Les bénéfices du secteur du transport maritime subiront une baisse à deux chiffres l'année prochaine, après une année record en 2021, mais resteront considérablement supérieurs aux niveaux d'avant la pandémie, plante Moody's Investors Service, dans un rapport qui révise ses précédentes positions.

L’agence de notation internationale a placé le transport maritime mondial dans la catégorie « stable » après les avoir estimées « positives ». Elle estime donc que le pic des bénéfices a été atteint cette année et que les perspectives sont moins favorables même s’ils « resteront élevés ».

Ce léger revirement est motivé par la revoyure d’un certain nombre d’indicateurs macroéconomiques, qui font état d’une baisse de la croissance du PIB dans le groupe des 20 économies de marché avancées et émergentes en 2022. Des prévisions alimentées par les nouvelles inquiétudes en lien avec l’émergence du nouveau variant Omicron et l’anticipation de nouvelles mesures de restrictions sanitaires, moteurs de la volatilité des marchés financiers.
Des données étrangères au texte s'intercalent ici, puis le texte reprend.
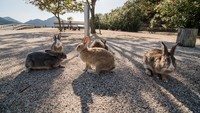 Pulau satu ini bernama Okunoshima di timur Jepang. Pulau ini dihuni oleh ratusan kelinci liar yang imut. (iStock)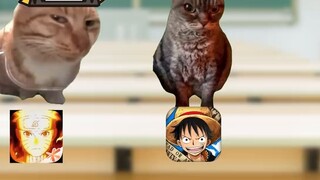 The best seat for peaceful coexistence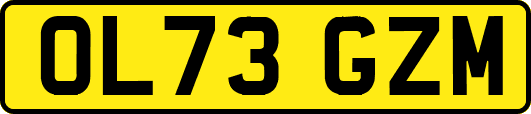 OL73GZM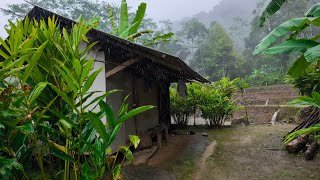 Download lagu Rain in the Village ‼️ Muddy & Steep Roads Become Travel Companions mp3 Download lagu Rain in the Village ‼️ Muddy & Steep Roads Become Travel Companions mp3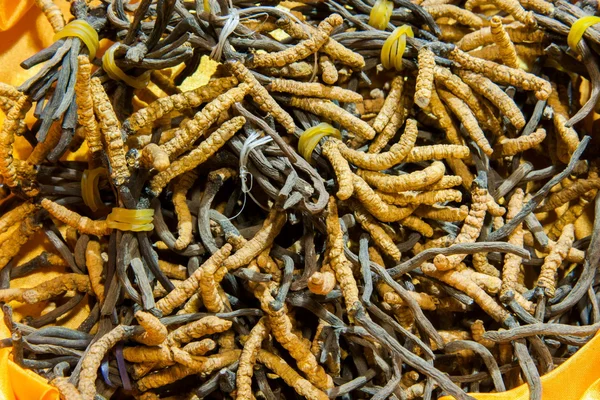 Cordyceps — Foto Stock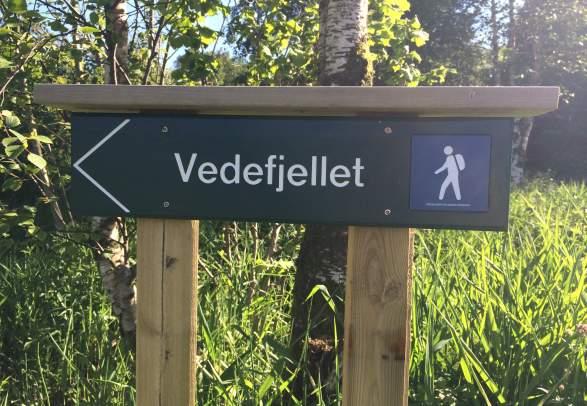 Hiking Vedefjell in Lyngdal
PIB en baisse partout dans le monde

Les pays dits avancés, au premier rang desquels les États-Unis, afficheront une croissance moyenne du PIB de 4,2 % en 2022, contre 4,9 % cette année, tandis qu'une chute plus marquée à 2,4 % est prévue en 2023. Une reprise plus lente que prévue de la dynamique de croissance dans les pays émergents est aussi attendue, où le PIB moyen devrait tomber à 4,8 % en 2022, contre 7,3 % cette année, puis à 4,5 % en 2023.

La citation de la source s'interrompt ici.